Cameroon's Muslim leaders were invited to the capital Yaounde for a briefing on 'Islamic State' (IS) ideology. IS affiliate Boko Haram is devoting more effort to spreading its extremist message.
At a meeting that began and ended with prayers, some 300 Cameroonian Muslim clerics gathered for a workshop on how to face up to the ideological threat from the Nigerian Islamist militant group Boko Haram and the IS militant organization.
Cavaye Yegue Djibril, who is both the speaker of Cameroon's national assembly and the traditional and Muslim leader of the town of Mada on the Nigerian border, urged Cameroonians to be vigilant. He also said that "whoever collaborates with the IS or any form of extremism" should be aware of the unity of the Cameroonian people.
Boko Haram pledged allegiance to IS in March 2015.
IS controls vast areas of Iraq and Syria. Its mass recruitment of western Islamic radicals is considered one of the greatest security threats faced by Europe and the United States.

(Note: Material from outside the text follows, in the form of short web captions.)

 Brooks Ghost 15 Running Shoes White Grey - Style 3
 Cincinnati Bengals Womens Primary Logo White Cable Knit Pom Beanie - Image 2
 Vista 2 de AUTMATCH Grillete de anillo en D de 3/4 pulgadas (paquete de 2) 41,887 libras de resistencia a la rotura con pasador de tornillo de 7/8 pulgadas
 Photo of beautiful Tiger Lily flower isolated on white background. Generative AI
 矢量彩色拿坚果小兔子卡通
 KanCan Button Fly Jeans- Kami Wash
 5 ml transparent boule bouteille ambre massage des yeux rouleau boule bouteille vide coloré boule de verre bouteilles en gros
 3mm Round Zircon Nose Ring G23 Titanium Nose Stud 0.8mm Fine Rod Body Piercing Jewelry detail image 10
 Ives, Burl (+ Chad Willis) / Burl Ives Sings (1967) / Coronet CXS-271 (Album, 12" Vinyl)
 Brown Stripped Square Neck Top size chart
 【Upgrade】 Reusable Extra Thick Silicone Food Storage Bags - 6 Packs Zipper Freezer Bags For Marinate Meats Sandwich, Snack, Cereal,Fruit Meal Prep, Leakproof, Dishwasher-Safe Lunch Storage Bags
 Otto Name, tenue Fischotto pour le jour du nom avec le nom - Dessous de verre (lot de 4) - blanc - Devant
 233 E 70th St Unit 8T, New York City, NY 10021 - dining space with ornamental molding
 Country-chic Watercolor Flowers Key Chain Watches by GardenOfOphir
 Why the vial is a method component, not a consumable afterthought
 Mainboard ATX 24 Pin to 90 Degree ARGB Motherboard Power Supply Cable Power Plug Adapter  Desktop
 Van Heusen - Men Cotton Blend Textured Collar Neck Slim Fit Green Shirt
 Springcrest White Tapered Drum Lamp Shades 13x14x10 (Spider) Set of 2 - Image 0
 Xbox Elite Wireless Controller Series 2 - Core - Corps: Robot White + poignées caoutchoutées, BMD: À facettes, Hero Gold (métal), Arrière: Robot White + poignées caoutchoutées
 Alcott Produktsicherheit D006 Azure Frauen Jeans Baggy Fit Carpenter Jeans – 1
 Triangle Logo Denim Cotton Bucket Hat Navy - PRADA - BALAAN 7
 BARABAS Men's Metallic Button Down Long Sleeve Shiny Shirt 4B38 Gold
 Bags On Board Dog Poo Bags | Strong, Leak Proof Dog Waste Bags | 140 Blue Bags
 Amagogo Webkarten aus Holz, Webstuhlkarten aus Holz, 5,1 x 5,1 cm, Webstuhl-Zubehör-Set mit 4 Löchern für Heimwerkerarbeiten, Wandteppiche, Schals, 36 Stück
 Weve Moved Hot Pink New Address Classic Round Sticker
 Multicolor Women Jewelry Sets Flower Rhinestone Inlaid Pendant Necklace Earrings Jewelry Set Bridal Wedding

According to the news agency AP, IS promises Western recruits whatever they are looking for: Shariah law, a deeper purpose in life, a fight against a dictator, aid work, automatic weapons and pathological violence for those so inclined.
Cameroon's Muslim leaders say that some young, unemployed Cameroonians have fallen victim to Boko Haram's ideology and the clerics fear the radicalized youth might turn violent.
Boko Haram aims to create an Islamic caliphate in the territories its controls.
Identifying IS supporters
The workshop in Yaounde was organized by the Union of African Muslim (UAM) scholars and Cameroon's Islamic Cultural Association (ICA).
The two organizations say they have been educating local Muslims about IS since Boko Haram's pledge of allegiance to the group .
Chieck Nsangou of the UAM say Cameroonian Muslims can identify IS supporters as "people who say they want to implement Sharia law at all cost and by all means and who are very sensitive about issues that are not important."
Moussa Oumarou of the ICA said Cameroonians should be wary of psychological warfare erupting between Cameroon's Islamic groups, Sunnis and Shi'ites. He believes Boko Haram intends to foster hardline elements within these groups in order to destabilize Cameroon.
"Sunnis make up the majority of Muslims in Cameroon, but they are also Shi'ites and there is no objective reason to exclude them because they are part of the bigger Islam family," he said.
Nigeria's President Muhammadu Buhari announced this week he plans to visit Cameroon to discuss an anti-Boko Haram regional fighting force.
Nigeria, backed by its neighbor Chad, Niger and Cameroon, has driven Boko Haram out of many of the positions it previously held.
The six-year insurgency has claimed at least 15,000 lives.